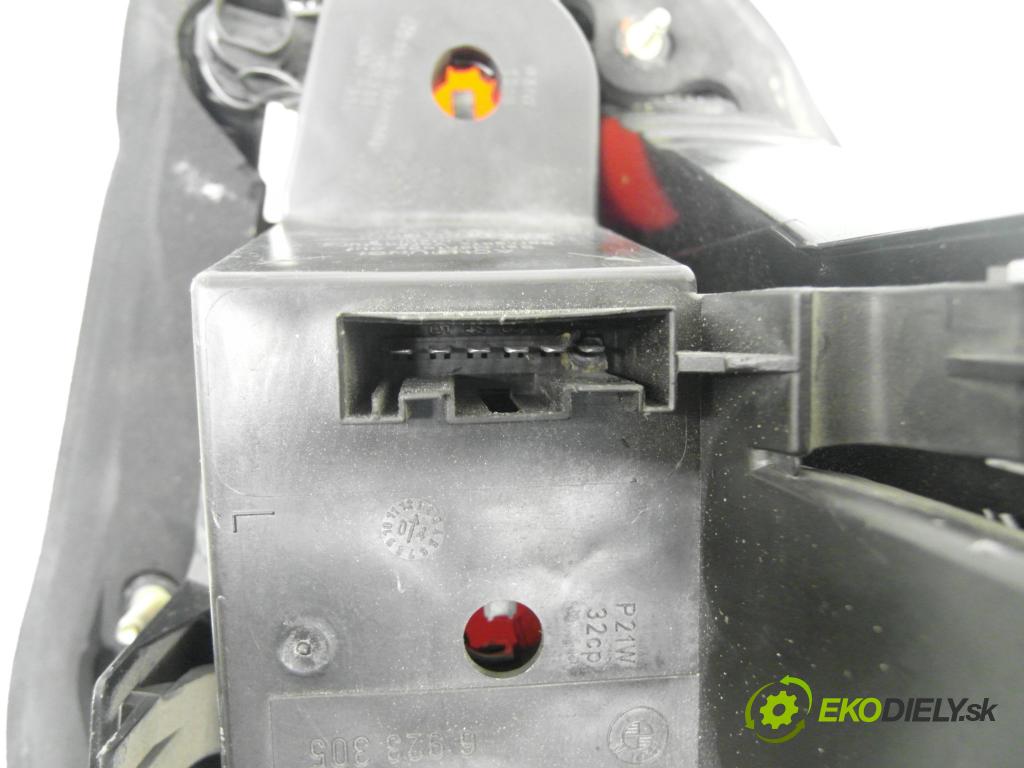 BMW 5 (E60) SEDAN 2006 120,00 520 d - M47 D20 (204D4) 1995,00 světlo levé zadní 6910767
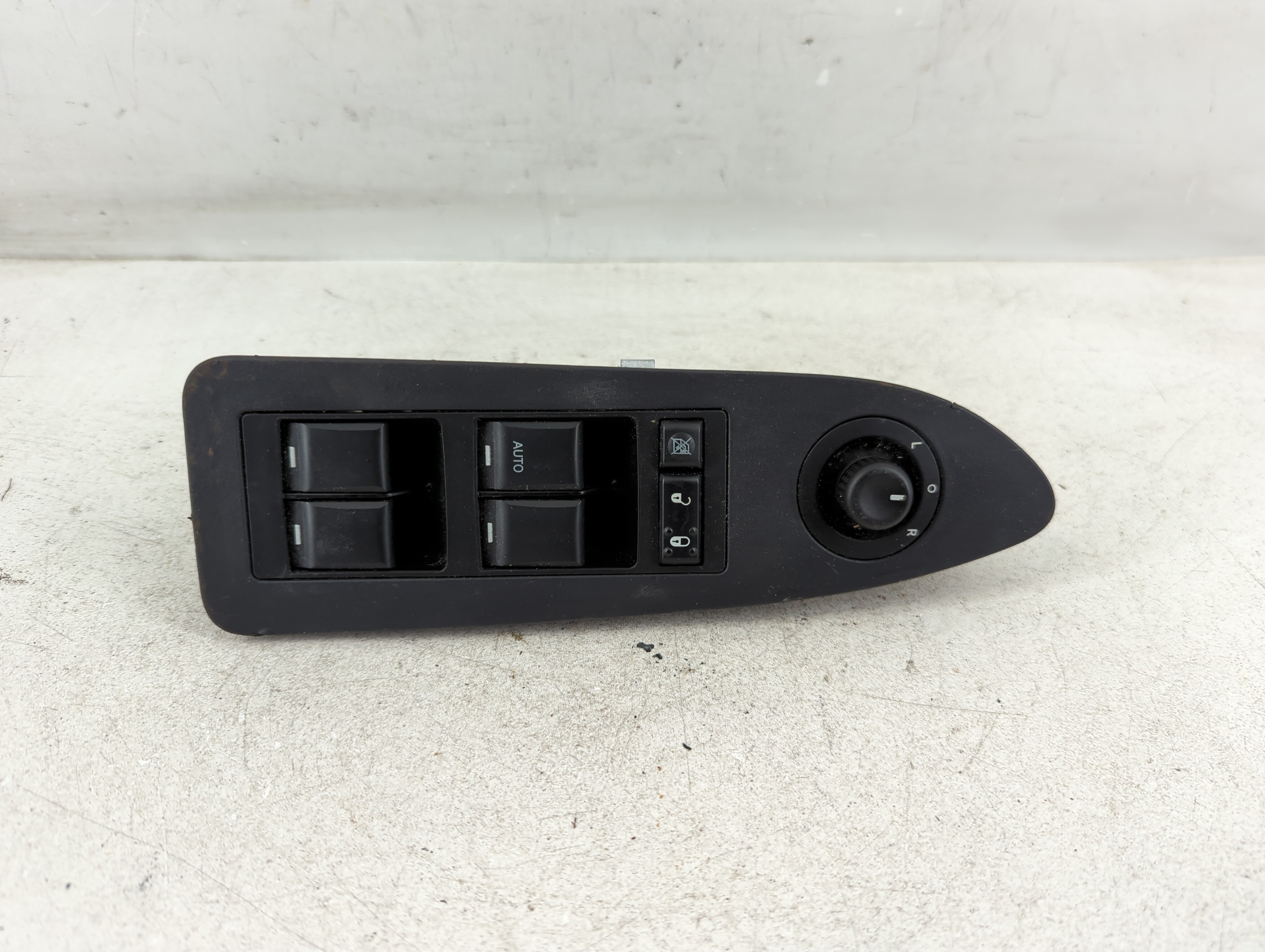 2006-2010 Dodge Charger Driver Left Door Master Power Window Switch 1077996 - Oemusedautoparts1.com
---
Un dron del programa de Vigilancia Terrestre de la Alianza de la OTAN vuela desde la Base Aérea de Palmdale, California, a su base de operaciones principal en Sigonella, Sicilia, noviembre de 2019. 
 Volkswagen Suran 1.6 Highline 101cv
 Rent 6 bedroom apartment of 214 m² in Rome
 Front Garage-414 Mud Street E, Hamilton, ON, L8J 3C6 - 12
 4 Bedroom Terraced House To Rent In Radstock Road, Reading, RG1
---
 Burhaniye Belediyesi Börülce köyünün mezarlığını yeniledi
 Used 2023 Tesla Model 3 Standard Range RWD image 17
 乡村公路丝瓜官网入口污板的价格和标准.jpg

_TASK REQUIREMENTS:_
Among the entries above, copy exactly only the lines starting with the one containing "Front Garage-414 Mud" and going through the one containing "4 Bedroom Terraced", both ends included.

_FINISHED EXERCISE:_
 Front Garage-414 Mud Street E, Hamilton, ON, L8J 3C6 - 12
 4 Bedroom Terraced House To Rent In Radstock Road, Reading, RG1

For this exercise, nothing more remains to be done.